Bakın, 23 Nisan haftasındayız! Ulusal Egemenliğimizin 100’üncü yılı. Bayramları var çocukların. Bugünlerin yarattığı korkuya, kaygıya kapılıp da sakın ertelemeyin onların sevinçlerini. Çocukları çok seven, çok değerli bir büyüklerinden armağan o bayram. Onları yaşama hazırlamaksa bütün çabamız, yaşamı ıskalamadan yetişmelerini sağlamaksa, umudu korumak için bundan daha iyi bir fırsat olamaz. Bayraklarını sallasınlar, şiirlerini okusunlar, resimlerini çizip şarkılarını söylesinler. Evden seslensinler bütün dünyaya. Sakın ola salgının yarattığı korkunun, karamsarlığın gölgesinde kalmasın sevinçleri. Hiç kimse çocuklar kadar güzel yaşayamaz zamanı. Onlardan öğrenecek ne çok şey var, bir bilsek… Onlar, yaşamın en güzel tarafı.

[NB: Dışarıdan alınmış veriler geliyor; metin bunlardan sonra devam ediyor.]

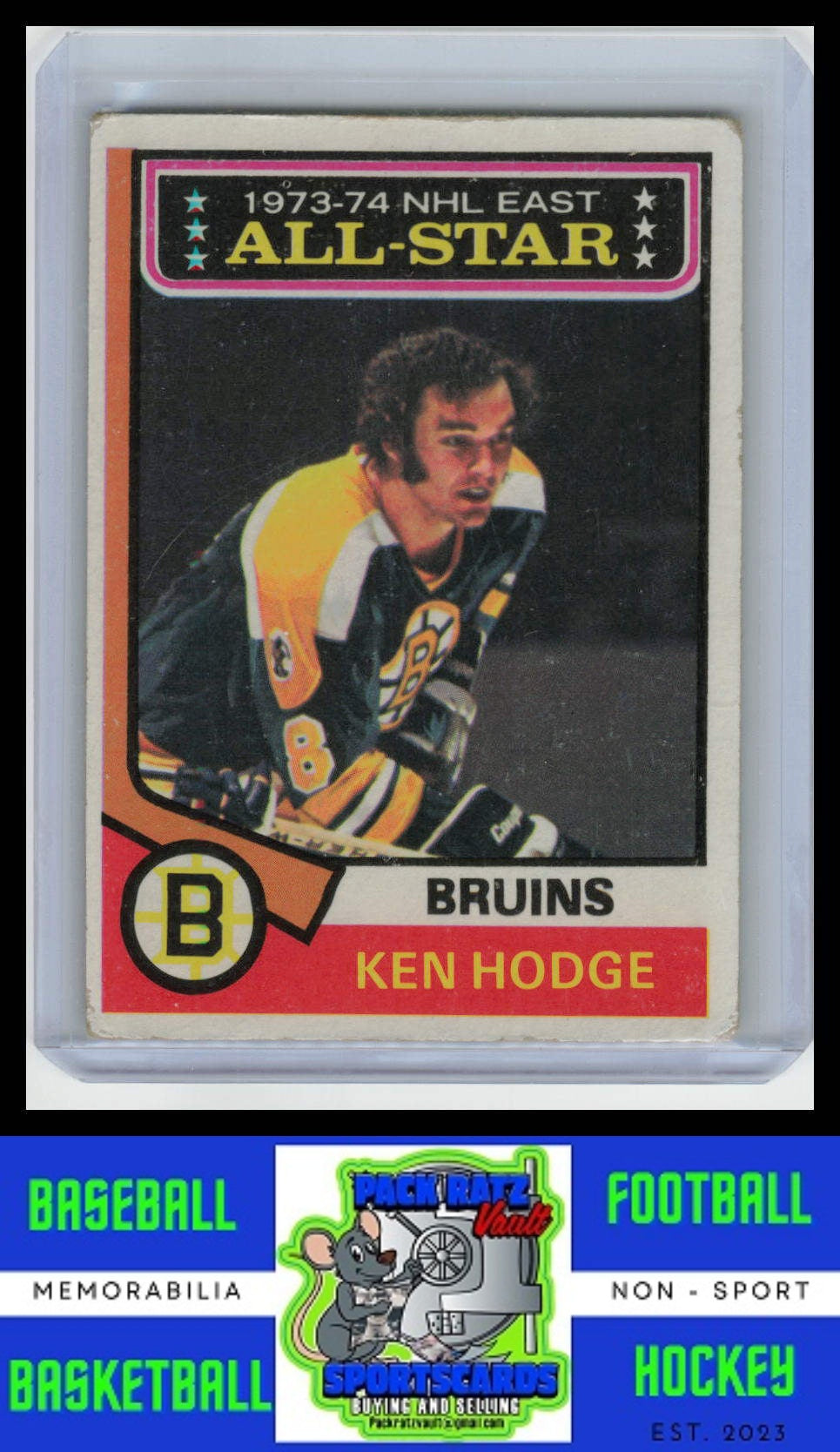 1974 Topps #128 Ken Hodge PSA G/writing on back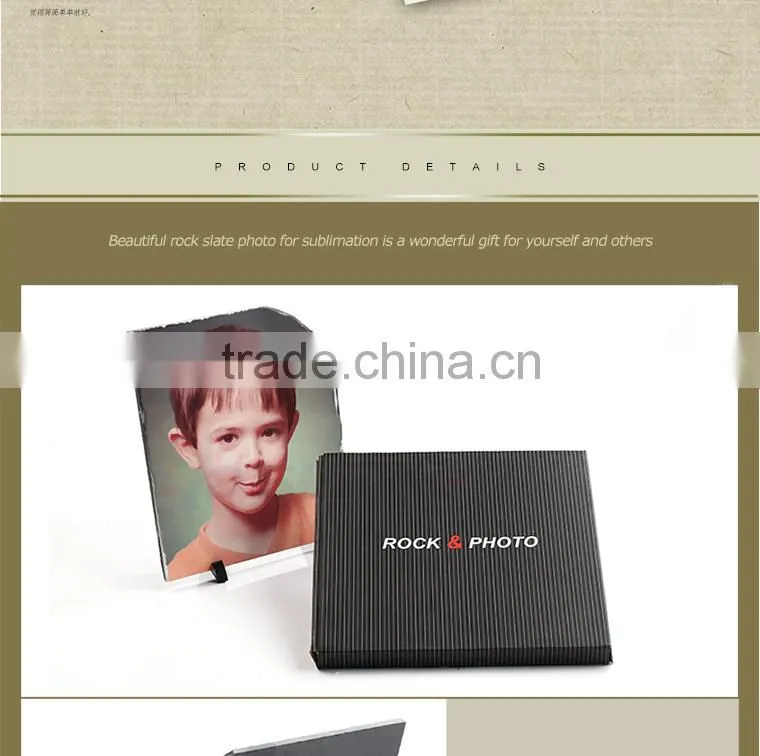 Sunmeta cheap supply irregular shaped 30*30cm heat press rock slate photo(SH-34)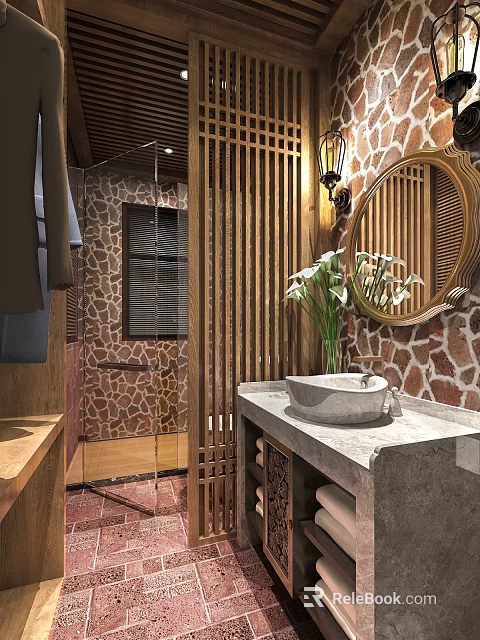 Elegant Hotel Bathroom Interior With Stone Wall Wooden Partition Circular Mirror And Stone Sink 3d model 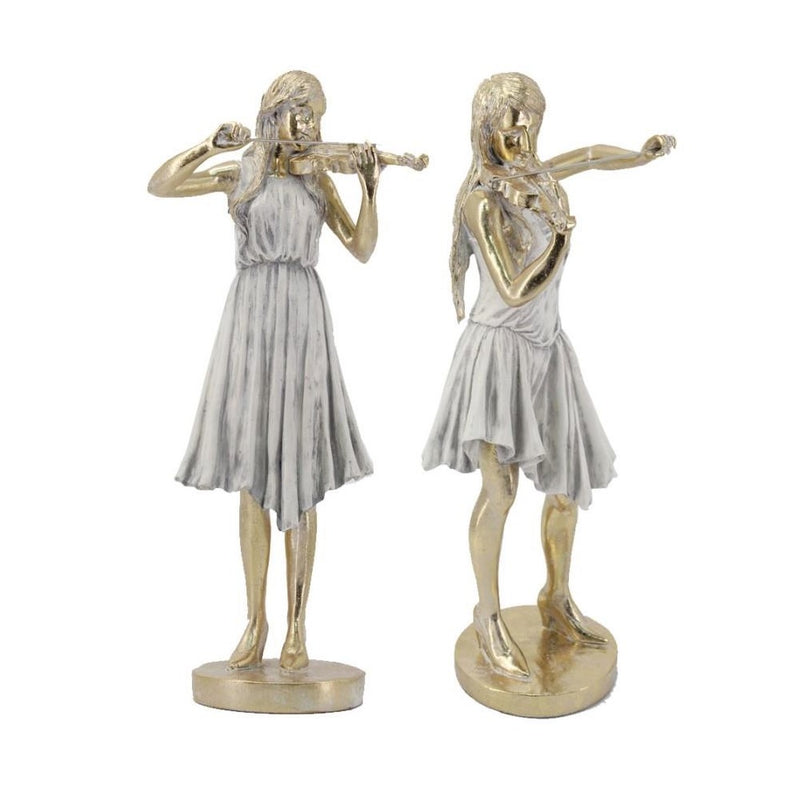 Statua Decorativa DKD Home Decor Dorato Bianco Resina Musicista (26.5 x 20 x 60 cm) (2 pcs) - zannishop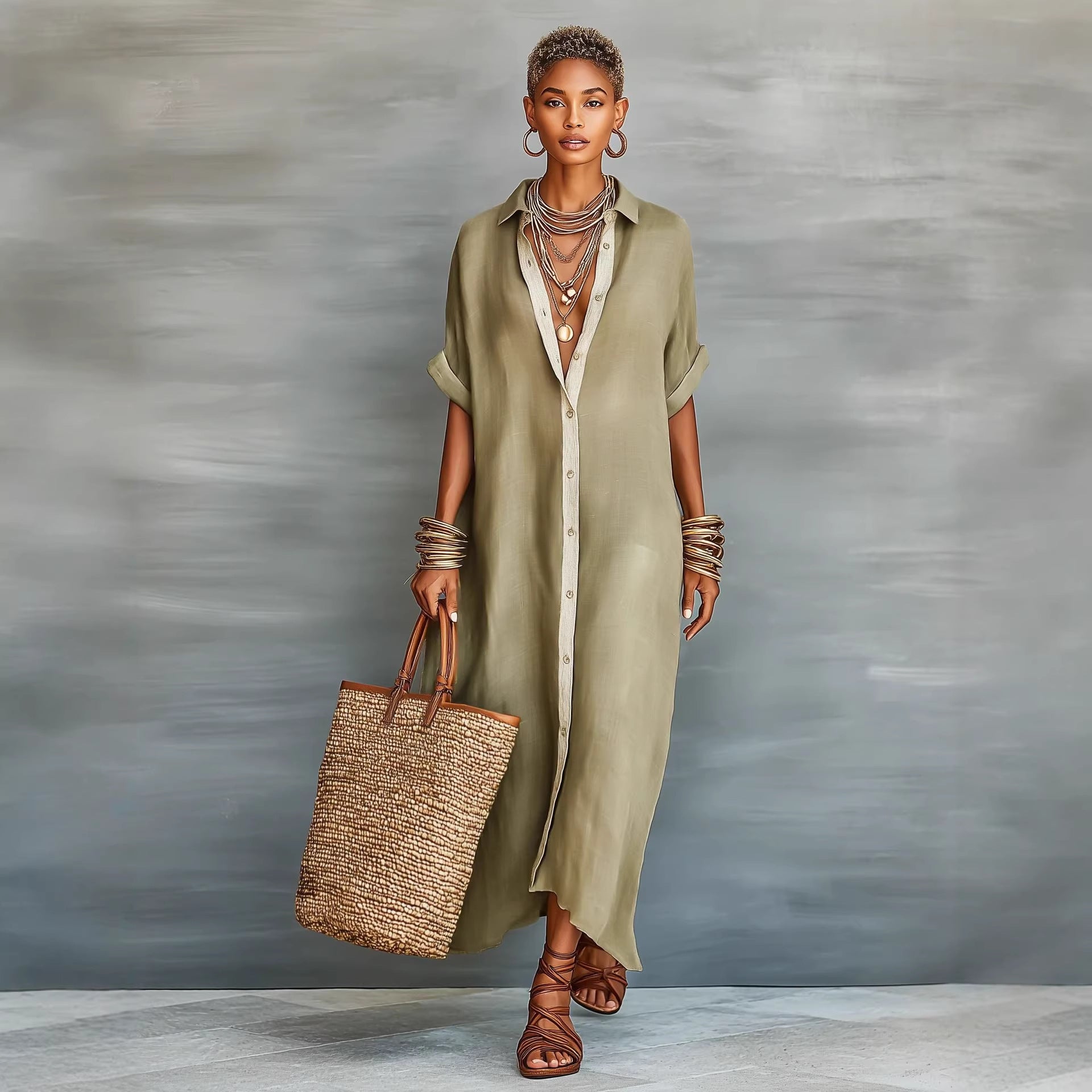 Modisches, lässiges und bequemes Kleid im Resort-Stil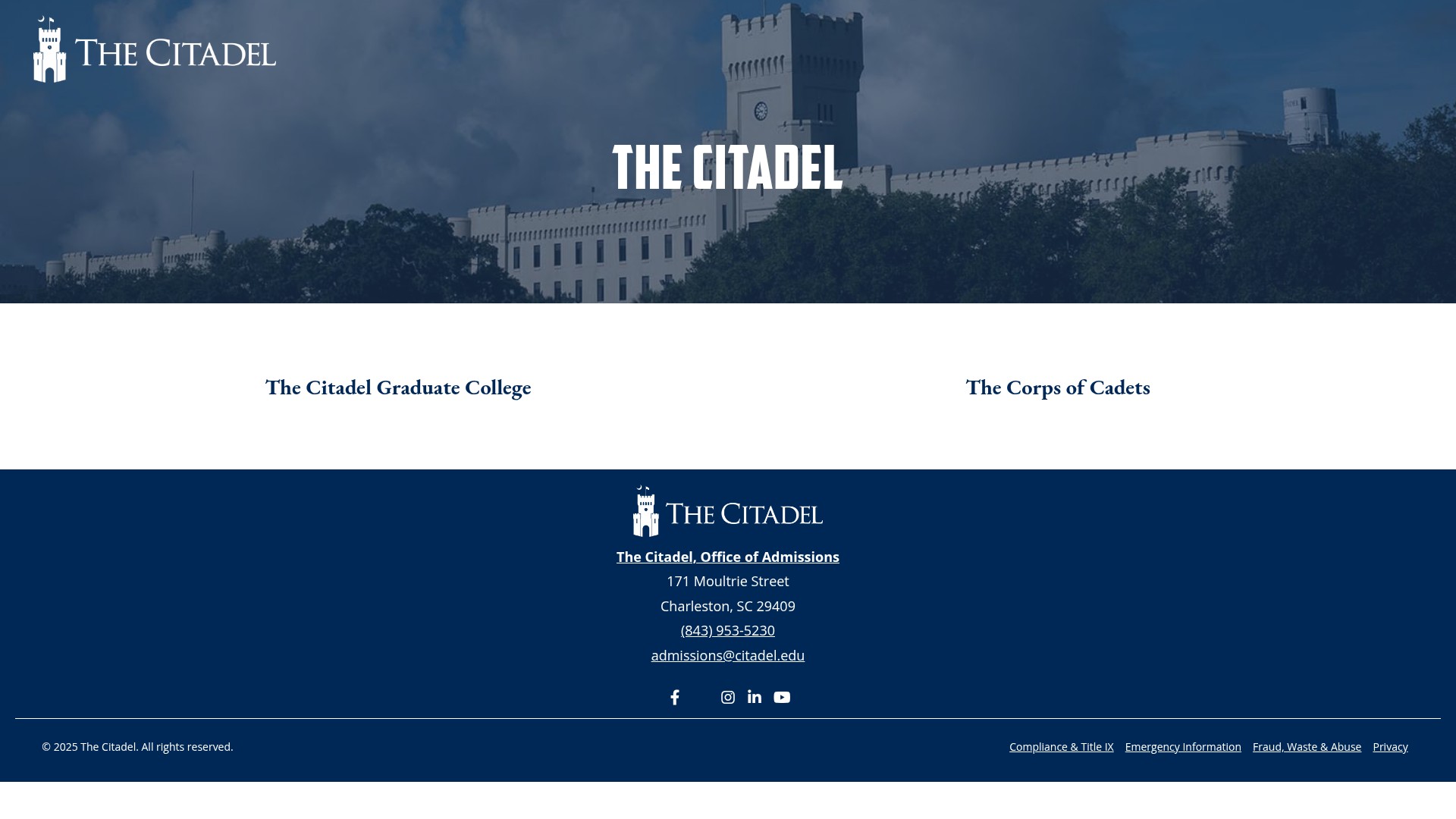Screenshot of learn.citadel.edu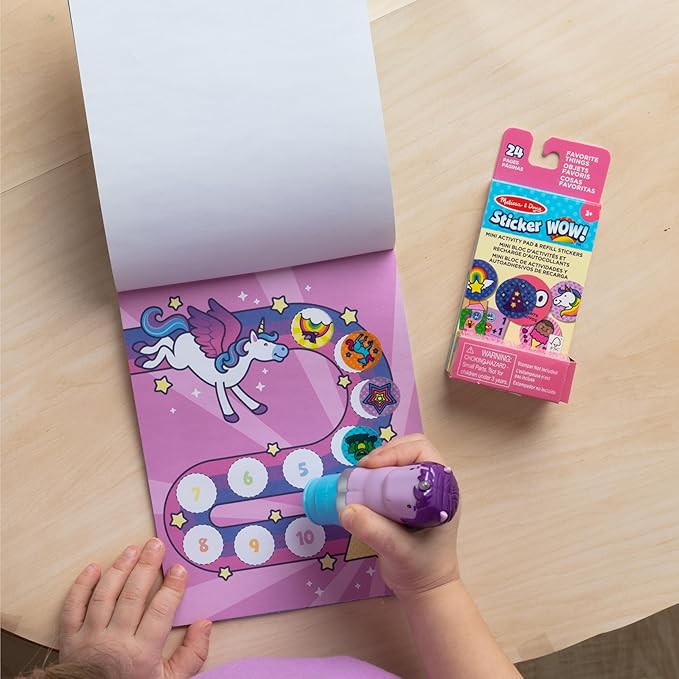 Melissa & Doug Sticker Wow! Sparkle Unicorn Bundle (Stamper w Book + Favorite Things Refill Pack)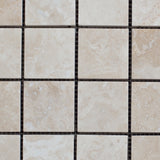 Ivory Travertine 2x2 Honed and Filled Mosaic - MosaicBros.com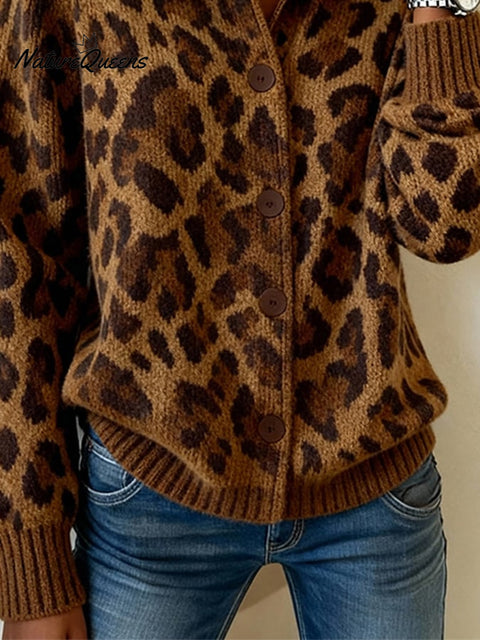 Women's Autumn/Winter Leopard Print Cardigan
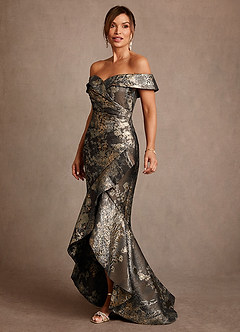 Azazie Winnetka Klänningar till brudens mor Klä Sjöjungfru i Blommig Jacquard Av axeln Mocha Coco image3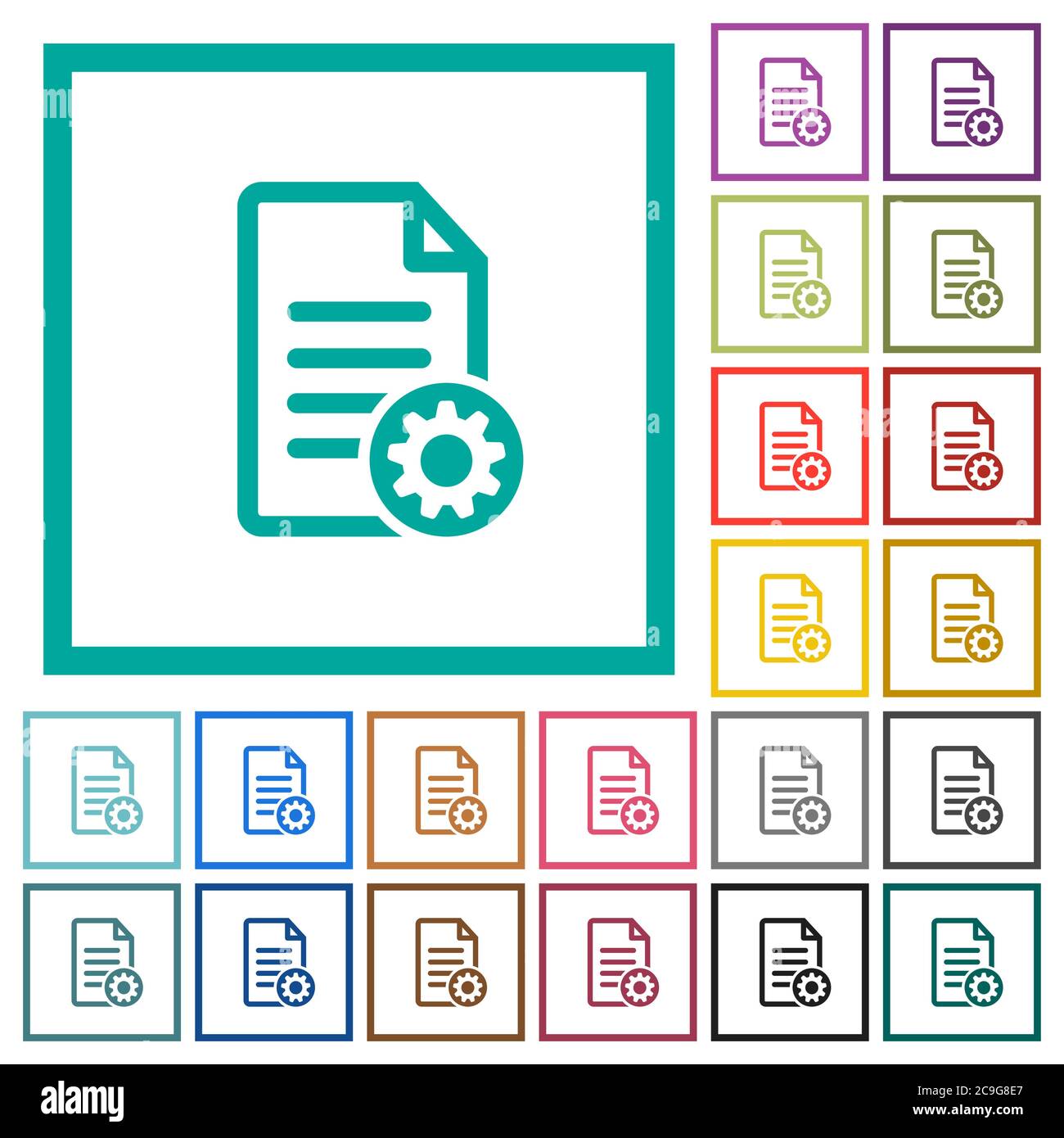 Document settings flat color icons with quadrant frames on white background Stock Vector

SAĞLIĞINIZI VE UMUDUNUZU KORUYUN
Bugünler de geçecek evlat. Esas olan şu aşamada sağlıklı olmak. Sağlığınızı, kendinizi, ailenizi ve umudunuzu koruyun. Akıl, kalp en önemlisi de umut ve cesaret karantinaya alınamaz. Yaşamaya devam, hiç durmadan!
Şimdilerde herkes, hepimiz ayrı telaşlar içindeyiz, farkındayım. Ancak bu süreci geride bırakmak için dayanışmaya her zamankinden daha çok ihtiyacımız var. Sahip olduğumuz gücü dayanışmaya da çevirelim. Birbirimizi habersiz bırakmayalım. Mesleğimizle, paylaştığımız değerlerle, bilgimizle, cesaretimizle, fikirlerimizle çıkışı bulma yolunda yapılacak bir şey, sağlayabileceğimiz bir katkı vardır mutlaka. Yaşamaya, üretmeye, paylaşmaya, dayanışmaya devam… Durmayalım, durursak düşeriz.”
ZİHNİMİZİ AÇAN BİR MEKTUP
Fahamettin Akıngüç’ün mektubu böyle. Her cümlesi ders dolu, umut dolu. 23 Nisan haftasında zihnimizi açan, yüreğimizi ferahlatan bir mektup. Saygıdeğer hocama sağlıklı günler diliyor ve şu korona illetinden kurtulduğumuz aydınlık gelecekte bize ışık olacak yeni mektuplarını bekliyorum.